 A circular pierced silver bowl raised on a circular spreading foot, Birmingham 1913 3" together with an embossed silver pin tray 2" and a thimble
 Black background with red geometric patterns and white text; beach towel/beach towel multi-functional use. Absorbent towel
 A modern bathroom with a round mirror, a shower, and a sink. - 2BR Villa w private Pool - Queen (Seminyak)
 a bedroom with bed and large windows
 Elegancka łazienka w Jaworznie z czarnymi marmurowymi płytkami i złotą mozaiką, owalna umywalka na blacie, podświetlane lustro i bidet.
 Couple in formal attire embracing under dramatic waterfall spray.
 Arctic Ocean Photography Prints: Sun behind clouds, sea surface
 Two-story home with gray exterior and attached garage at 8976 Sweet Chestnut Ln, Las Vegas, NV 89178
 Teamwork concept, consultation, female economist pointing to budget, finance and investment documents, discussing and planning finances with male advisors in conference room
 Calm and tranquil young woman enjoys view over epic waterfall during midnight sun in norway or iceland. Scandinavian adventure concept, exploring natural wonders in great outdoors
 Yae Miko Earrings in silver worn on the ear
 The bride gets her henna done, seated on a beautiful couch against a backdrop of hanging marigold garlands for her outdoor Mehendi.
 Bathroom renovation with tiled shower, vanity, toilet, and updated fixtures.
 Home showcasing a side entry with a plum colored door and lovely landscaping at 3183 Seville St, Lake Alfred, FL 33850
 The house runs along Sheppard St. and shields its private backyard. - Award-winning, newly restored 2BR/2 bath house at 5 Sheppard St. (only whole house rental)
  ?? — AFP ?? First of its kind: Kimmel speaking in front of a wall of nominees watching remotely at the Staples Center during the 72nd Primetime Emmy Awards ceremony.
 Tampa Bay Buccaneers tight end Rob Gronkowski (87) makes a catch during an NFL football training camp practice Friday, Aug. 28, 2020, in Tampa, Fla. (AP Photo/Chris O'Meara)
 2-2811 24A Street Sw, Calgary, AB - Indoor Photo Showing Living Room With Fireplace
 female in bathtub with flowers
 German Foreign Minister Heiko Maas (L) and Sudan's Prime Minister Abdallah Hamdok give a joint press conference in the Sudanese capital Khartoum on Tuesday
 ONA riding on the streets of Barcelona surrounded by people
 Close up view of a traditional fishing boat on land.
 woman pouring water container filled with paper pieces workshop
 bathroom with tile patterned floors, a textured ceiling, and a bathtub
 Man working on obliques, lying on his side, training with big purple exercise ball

Task directions: Retype every line up to and including the one that contains "Emmy Awards ceremony.", beginning at the first line of the records, with no edits.

Task output:
 A circular pierced silver bowl raised on a circular spreading foot, Birmingham 1913 3" together with an embossed silver pin tray 2" and a thimble
 Black background with red geometric patterns and white text; beach towel/beach towel multi-functional use. Absorbent towel
 A modern bathroom with a round mirror, a shower, and a sink. - 2BR Villa w private Pool - Queen (Seminyak)
 a bedroom with bed and large windows
 Elegancka łazienka w Jaworznie z czarnymi marmurowymi płytkami i złotą mozaiką, owalna umywalka na blacie, podświetlane lustro i bidet.
 Couple in formal attire embracing under dramatic waterfall spray.
 Arctic Ocean Photography Prints: Sun behind clouds, sea surface
 Two-story home with gray exterior and attached garage at 8976 Sweet Chestnut Ln, Las Vegas, NV 89178
 Teamwork concept, consultation, female economist pointing to budget, finance and investment documents, discussing and planning finances with male advisors in conference room
 Calm and tranquil young woman enjoys view over epic waterfall during midnight sun in norway or iceland. Scandinavian adventure concept, exploring natural wonders in great outdoors
 Yae Miko Earrings in silver worn on the ear
 The bride gets her henna done, seated on a beautiful couch against a backdrop of hanging marigold garlands for her outdoor Mehendi.
 Bathroom renovation with tiled shower, vanity, toilet, and updated fixtures.
 Home showcasing a side entry with a plum colored door and lovely landscaping at 3183 Seville St, Lake Alfred, FL 33850
 The house runs along Sheppard St. and shields its private backyard. - Award-winning, newly restored 2BR/2 bath house at 5 Sheppard St. (only whole house rental)
  ?? — AFP ?? First of its kind: Kimmel speaking in front of a wall of nominees watching remotely at the Staples Center during the 72nd Primetime Emmy Awards ceremony.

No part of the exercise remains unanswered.